On Valid Inequalities for Mixed Integer Conic Programs
Many operational questions arising in science and engineering, especially from the optimization under uncertainty, can be approximately addressed as systems of quadratic inequalities in continuous and integer variables. The resulting problems belong to the class of optimization problems referred as Mixed Integer Conic Programs (MICPs), which involve a general regular cone K such as the nonnegative orthant, the Lorentz cone (convex quadratic inequalities) or the positive semidefinite cone. In this talk we will describe the broad background of such problems, together with two new results that we have obtained.

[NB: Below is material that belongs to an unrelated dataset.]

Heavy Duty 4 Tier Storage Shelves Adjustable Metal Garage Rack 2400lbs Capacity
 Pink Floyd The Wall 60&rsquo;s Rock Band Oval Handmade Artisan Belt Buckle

First, we will introduce the class of K-minimal valid linear inequalities for MICPs. Under mild assumptions, we will show that these inequalities together with the trivial cone-implied inequalities are sufficient to describe the convex hull. We study the characterization of K-minimal inequalities by identifying necessary, and sufficient conditions for an inequality to be K-minimal; which leads to efficient ways of showing a given linear inequality is K-minimal. Second, we will introduce a disjunctive technique for deriving conic valid inequalities for mixed integer sets defined by convex quadratic functions. This new technique recovers a number of results from the recent literature on deriving split and disjunctive inequalities for the mixed integer sets involving a Lorentz cone.